At a time when Disney formalizes the arrival of a mini-series following the adventures of a young Muslim superheroine, Netflix is ​​experiencing an unexpected drop in subscribers during the first quarter of 2022. If the streaming giant has already organized a strategy of reconquest, it is also under attack from billionaire Elon Musk, who estimated in a tweet that “the woke virus makes Netflix unwatchable”. What about Generation Z, the platform’s main target and officially known for their “tolerance” and taste for progressivism? On social networks, more and more of them are being quite acerbic in the face of an inclusiveness that would ring false.

Nelson, soon to be 17, is a big fan of the Netflix platform, whose content he happily “binge-watches”. The Seine-et-Marnais high school student, a fan of TV series, nevertheless seems annoyed when he talks about the new features of the platform. “Now I watch anime and old series, otherwise I feel like I’m on Instagram or Twitter,” says the teenager. The reference to social networks, Nelson explains it by an “overdose” of denunciations and commitments which would prevent him from achieving what he wishes: to escape the time of a few episodes.

In the series Funny, Aïssatou and her sister are arrested by white and racist police officers while leaving a luxury store with their purchases. At this evocation, Nelson shows a TikTok video that would have “buzzed” and illustrates his words: viewed more than 240,000 times, the TikTok titled “the overused inclusivity in the series” shows a man and a woman attempt to defuse a bomb.

Is it really useful to the story, all this information?

“This bombshell makes me think what a bombshell my girlfriend is, just like any woman of any build,” argues the spy, under the puzzled eyes of her partner. “Yeah, I’m a lesbian!” And my girlfriend is black! Be very careful of that bolt to access the detonator,” she adds, deciding to gender the bomb by the pronoun “iel” under the boy’s sighs. “Is it really useful to the story, all this information?” he adds. Bronel, young director, unleashes comments by this TikTok. Nearly a thousand young users agree with him, as evidenced by the comments “Netflix series be like” or “summary of Netflix series since 2018”.
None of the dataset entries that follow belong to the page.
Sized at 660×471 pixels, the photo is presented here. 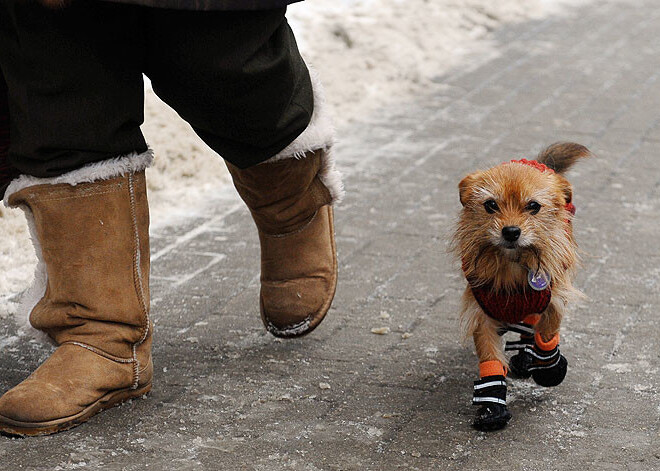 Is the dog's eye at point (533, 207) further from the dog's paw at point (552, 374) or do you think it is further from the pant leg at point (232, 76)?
the pant leg at point (232, 76)

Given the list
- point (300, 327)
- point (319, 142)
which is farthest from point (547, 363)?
point (319, 142)

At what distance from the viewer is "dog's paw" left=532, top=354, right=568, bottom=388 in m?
2.73

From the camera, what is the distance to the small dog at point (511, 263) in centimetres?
247

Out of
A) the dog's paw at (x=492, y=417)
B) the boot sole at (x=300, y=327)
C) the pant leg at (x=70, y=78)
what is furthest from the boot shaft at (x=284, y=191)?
the dog's paw at (x=492, y=417)

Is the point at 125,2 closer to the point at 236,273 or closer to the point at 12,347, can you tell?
the point at 12,347

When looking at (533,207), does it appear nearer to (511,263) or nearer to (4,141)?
(511,263)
Eliot is 17 and insists that he himself is gay. Wishing to join a district conservatory in order to become an actor, the high school student likes to debate with the members of his theater troupe who are fans of the series they watch. “I like LGBT content on Netflix, but what bothers me is when the info on sexuality falls like a hair on the soup. It feels like it’s fake and we’re just ticking boxes: That’s it, we have our gay character,” Eliot quips. The teenager gives us as an example the character of Robin in Stranger Things, whose coming out seems to him “useless for the plot”: “They have their lesbian, they can say that their series is inclusive, even if it does not have no interest, and they can put on the LGBT flag for their promo,” Eliot sneers.

Statements corroborated by Anna, 18, a history student. A committed feminist, Anna is as acerbic as Eliot when talking to us about the content of recent Netflix series: “Netflix series at the moment are very focused on representing all categories: gay, polyamorous, bi, cisgender, etc. to the point that it becomes the main traits of the characters’ personalities,” the student explains. For her, if inclusivity is important, the series end up moving away from a reality.

“In Ginny and Georgia, for example, the characters are either black, Asian, deaf, lesbian, and you forget about their personalities because their characters revolve only around their belonging to a community. A couple of characters even argue about how many minorities they each relate to and who is more oppressed,” Anna laments. Moreover, the student points out that the feminism of the characters in the Netflix series does not focus on the fight for equal rights between men and women but rather on the fact that the characters define themselves as feminists: “The series promote the feminist category or identity rather than the struggle itself in the actions of the characters,” Anna concludes.

Anna, Eliot and Nelson’s analyzes echo the work of Darnell Moore. In charge of inclusion, the intersectional, anti-racist and queer activist indeed occupies within the Netflix company the position of vice-president of the platform’s inclusion strategy. Virginie Martin, political scientist and author of the book The Discreet Charm of Series (Humensciences editions, 2021), addresses issues of inclusivity in TV series in several chapters. She reacts to the comments of the young users: “The gay character would always have to be gay for something, yet when they are classic heterosexuals, it does not add anything to the plot either. »

It’s marketing, everyone has to recognize themselves.

For Virginie Martin, the will of the series to deceive all categories of people is part of diversity washing: tackling systemic oppressions by featuring characters from diversity. “I’m not naive, it’s marketing, everyone has to recognize themselves. In our society, everyone has become the agency of themselves, we work for our recognition and we want to express our identity. In other words, everyone has their own importance and the screenwriters carry the good word. You have series that are universalist, but inside everyone will be able to recognize themselves. »

Like debates demanding that transgender characters be played only by actors who are themselves transgender, can’t one ultimately be able to enjoy a show without identifying with one of the characters?